RECORDED DATA>
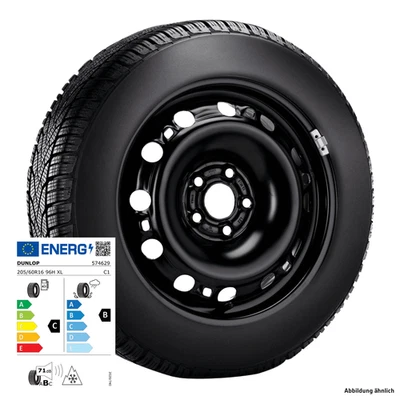 Stahl-Winterkomplettrad 16 Zoll mit Dunlop Winter Sport 5 205/60 R 16 96H XL - Bild 1 von 2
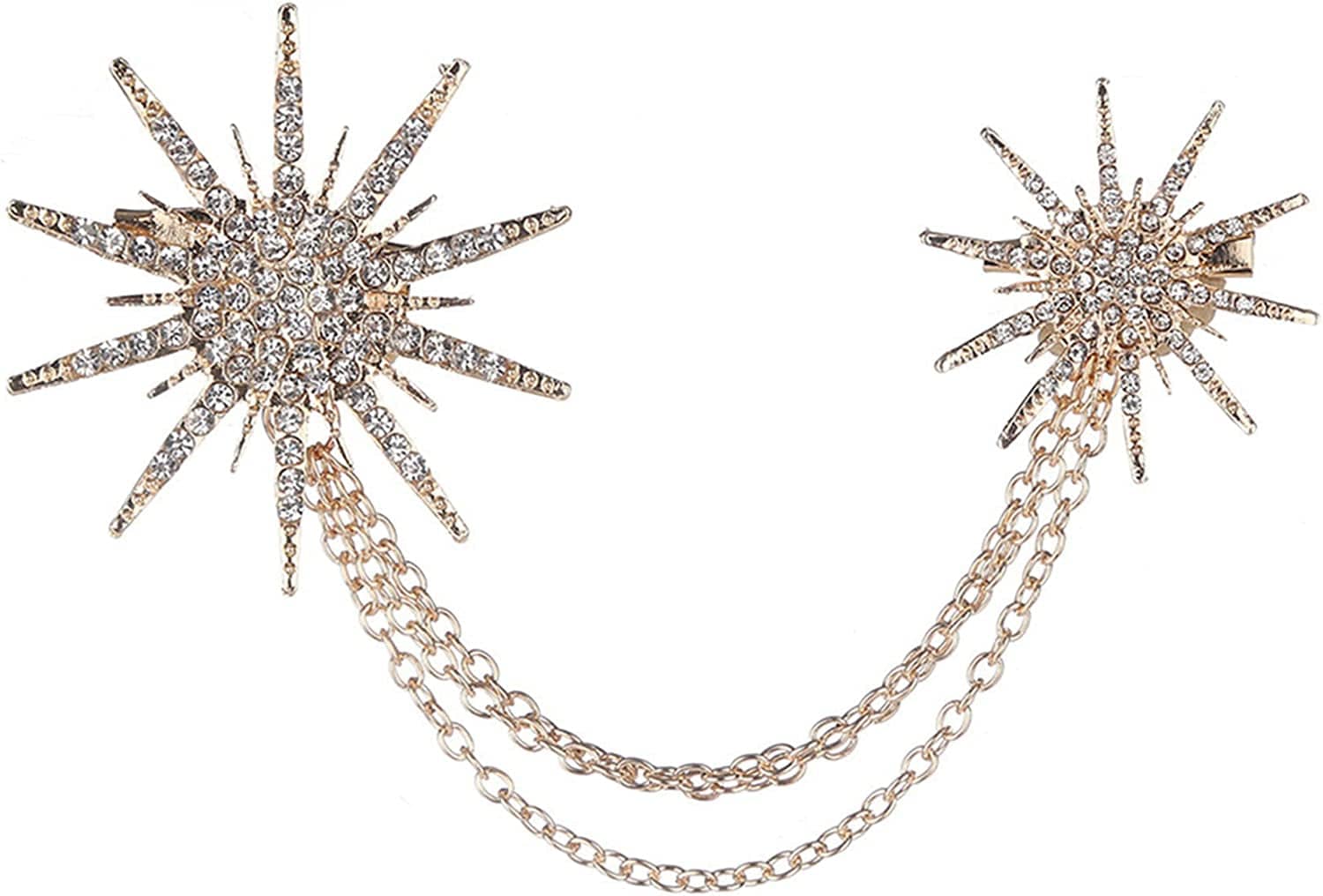 Essencedelight Rhinestone Crystal Brooch Pin Faux Crystal Star Brooch Tassel Lapel Pin Christmas Pins for Ceremony Birthday, Gold, 5.6*3.9Cm Gold
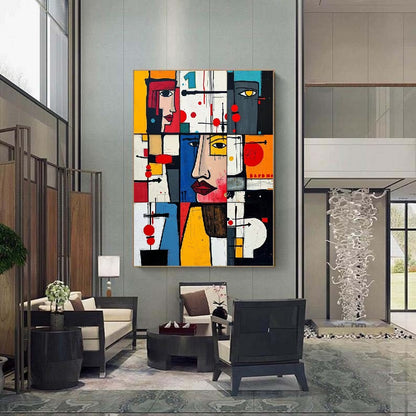 Handcrafted Abstract Painting, Modern Wall Art for Home Decor AB1178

PROBLEM DESCRIPTION> Extract the run of lines beginning with the line that holds "Essencedelight Rhinestone Crystal" and ending at the last line of the data, inclusive. Exclude any pictures from the copy.

WRITTEN ANSWER>
 Essencedelight Rhinestone Crystal Brooch Pin Faux Crystal Star Brooch Tassel Lapel Pin Christmas Pins for Ceremony Birthday, Gold, 5.6*3.9Cm Gold
 Handcrafted Abstract Painting, Modern Wall Art for Home Decor AB1178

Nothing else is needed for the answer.